March 1, 2012 at 10:12 pm
Hi all,
i was reading an article about Using tables as Queues
and trying to implement the solution but what i don't undertand is why with CTE it's using rowlock and readpast as indicated below and with a traditional fifo method the sample using rowlock, updlock and readpast?
Can someone explain please why we don't need updlock when using CTE? Thank you.
create procedure usp_dequeueFifo
as
set nocount on;
with cte as (
select top(1) Payload
from FifoQueue with (rowlock, readpast)
order by Id)
delete from cte
output deleted.Payload;
go
delete top(1) from FifoQueue
output deleted.Payload
where Id = (
select top(1) Id
from FifoQueue with (rowlock, updlock, readpast)
order by Id)
March 2, 2012 at 1:30 am
CTE is needed only if you have recursive query or a query that calls a subquery/inline view more than once.
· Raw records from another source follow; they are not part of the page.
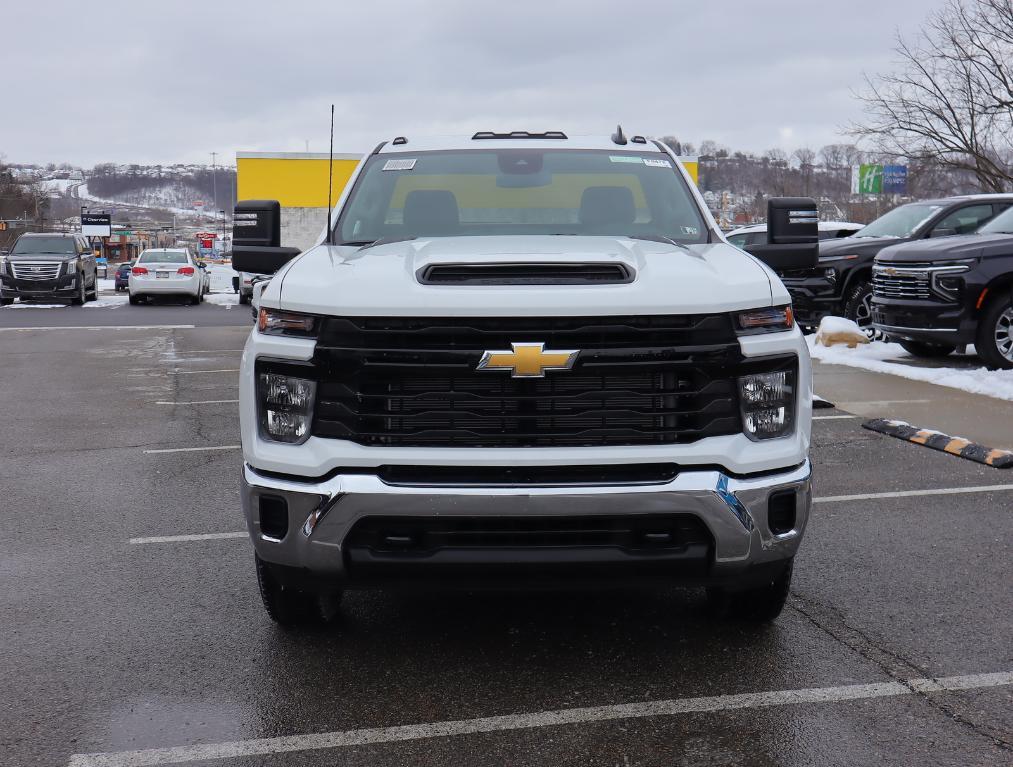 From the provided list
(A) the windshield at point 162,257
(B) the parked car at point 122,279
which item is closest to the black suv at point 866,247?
(A) the windshield at point 162,257

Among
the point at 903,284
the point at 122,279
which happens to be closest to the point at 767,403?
the point at 903,284

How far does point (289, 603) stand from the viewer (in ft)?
13.4

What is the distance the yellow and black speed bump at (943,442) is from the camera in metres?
7.25

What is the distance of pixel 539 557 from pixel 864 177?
74.1m

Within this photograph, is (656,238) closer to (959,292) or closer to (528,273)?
(528,273)

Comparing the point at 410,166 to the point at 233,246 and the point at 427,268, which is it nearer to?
the point at 233,246

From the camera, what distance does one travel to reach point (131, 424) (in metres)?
9.52

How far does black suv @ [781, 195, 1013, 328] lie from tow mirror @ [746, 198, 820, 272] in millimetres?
9652

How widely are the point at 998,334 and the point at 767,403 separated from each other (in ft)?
29.2

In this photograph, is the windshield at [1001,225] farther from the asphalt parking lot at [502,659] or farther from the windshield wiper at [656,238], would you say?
the windshield wiper at [656,238]

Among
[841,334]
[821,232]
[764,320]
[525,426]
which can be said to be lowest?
[841,334]

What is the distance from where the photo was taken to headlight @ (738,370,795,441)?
3592mm

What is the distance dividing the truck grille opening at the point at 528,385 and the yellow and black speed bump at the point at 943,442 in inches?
177

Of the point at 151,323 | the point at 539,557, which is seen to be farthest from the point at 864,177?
the point at 539,557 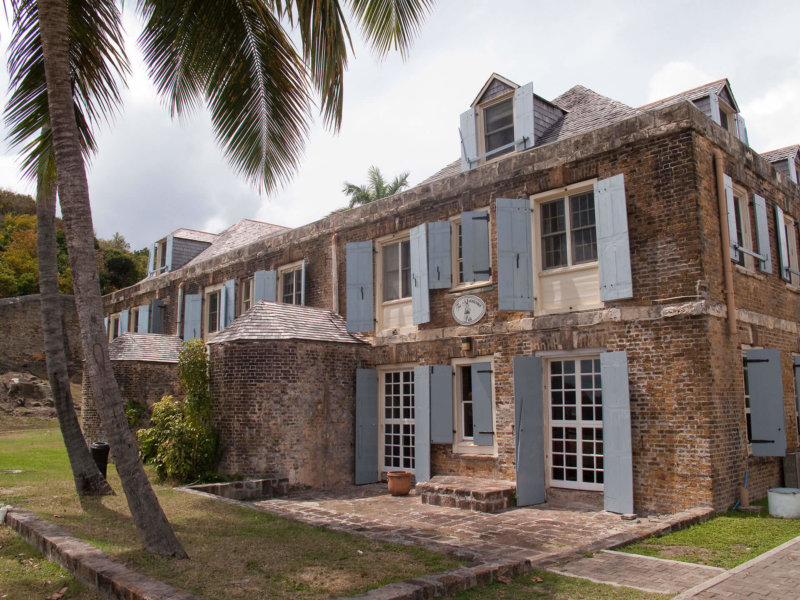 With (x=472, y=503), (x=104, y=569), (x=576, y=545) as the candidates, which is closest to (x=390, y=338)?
(x=472, y=503)

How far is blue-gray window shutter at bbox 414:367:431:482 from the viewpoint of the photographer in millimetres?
12078

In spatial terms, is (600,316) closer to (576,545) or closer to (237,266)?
(576,545)

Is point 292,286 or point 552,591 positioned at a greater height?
point 292,286

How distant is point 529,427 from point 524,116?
20.6 feet

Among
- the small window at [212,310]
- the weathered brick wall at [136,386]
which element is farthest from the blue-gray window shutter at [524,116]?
the weathered brick wall at [136,386]

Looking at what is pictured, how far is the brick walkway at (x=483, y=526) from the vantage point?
23.5ft

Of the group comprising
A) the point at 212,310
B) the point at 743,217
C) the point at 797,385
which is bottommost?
the point at 797,385

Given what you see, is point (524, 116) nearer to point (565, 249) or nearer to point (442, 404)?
point (565, 249)

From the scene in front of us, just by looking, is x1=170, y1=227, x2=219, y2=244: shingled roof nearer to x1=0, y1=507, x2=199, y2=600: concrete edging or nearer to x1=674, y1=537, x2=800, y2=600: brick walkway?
x1=0, y1=507, x2=199, y2=600: concrete edging

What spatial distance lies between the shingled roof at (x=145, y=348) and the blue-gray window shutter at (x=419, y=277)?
28.1 feet

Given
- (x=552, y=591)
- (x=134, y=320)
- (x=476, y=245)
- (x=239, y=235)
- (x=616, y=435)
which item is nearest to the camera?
(x=552, y=591)

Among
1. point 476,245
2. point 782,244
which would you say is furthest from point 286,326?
point 782,244

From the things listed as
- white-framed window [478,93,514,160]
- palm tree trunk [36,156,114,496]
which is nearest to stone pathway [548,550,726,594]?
palm tree trunk [36,156,114,496]

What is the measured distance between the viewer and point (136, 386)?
16.9 meters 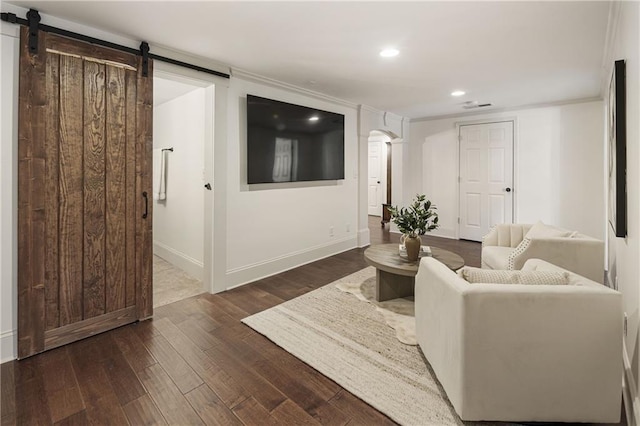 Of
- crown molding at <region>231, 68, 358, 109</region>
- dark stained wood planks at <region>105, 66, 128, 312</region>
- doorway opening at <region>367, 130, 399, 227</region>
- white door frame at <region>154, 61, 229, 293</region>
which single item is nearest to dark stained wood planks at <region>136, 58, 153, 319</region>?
dark stained wood planks at <region>105, 66, 128, 312</region>

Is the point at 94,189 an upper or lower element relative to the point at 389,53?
lower

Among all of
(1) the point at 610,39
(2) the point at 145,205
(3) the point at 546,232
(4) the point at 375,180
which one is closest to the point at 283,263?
(2) the point at 145,205

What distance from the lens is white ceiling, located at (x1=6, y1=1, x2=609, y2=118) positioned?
221 centimetres

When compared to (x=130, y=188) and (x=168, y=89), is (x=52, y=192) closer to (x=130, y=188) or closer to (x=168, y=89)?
(x=130, y=188)

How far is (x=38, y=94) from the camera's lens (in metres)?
2.16

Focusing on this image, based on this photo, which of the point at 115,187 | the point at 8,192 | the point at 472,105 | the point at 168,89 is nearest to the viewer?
the point at 8,192

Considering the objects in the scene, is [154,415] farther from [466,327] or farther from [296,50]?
[296,50]

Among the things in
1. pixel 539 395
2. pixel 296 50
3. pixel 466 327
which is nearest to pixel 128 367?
pixel 466 327

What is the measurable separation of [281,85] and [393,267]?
256cm

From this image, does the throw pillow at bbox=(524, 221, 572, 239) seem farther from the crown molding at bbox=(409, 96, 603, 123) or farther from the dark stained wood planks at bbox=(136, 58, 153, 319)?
the dark stained wood planks at bbox=(136, 58, 153, 319)

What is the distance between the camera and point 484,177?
583 centimetres

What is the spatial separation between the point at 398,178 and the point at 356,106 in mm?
2131

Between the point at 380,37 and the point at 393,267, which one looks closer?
the point at 380,37

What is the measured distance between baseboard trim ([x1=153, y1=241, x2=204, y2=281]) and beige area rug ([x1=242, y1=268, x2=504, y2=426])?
54.5 inches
All other cases (such as this one) do not need to use CTE at all.
If you use the READPAST hint, then locked rows are skipped. You've used ROWLOCK, you avoid lock escalation. UPDLOCK locks a row so you can update it.
If you do not have multiple sql statement between begin tran and end tran, there is no much point in using "UPDLOCK" hint, since lock will be held during a transaction.
Consider using service broker, it is a queuing solution already there for you.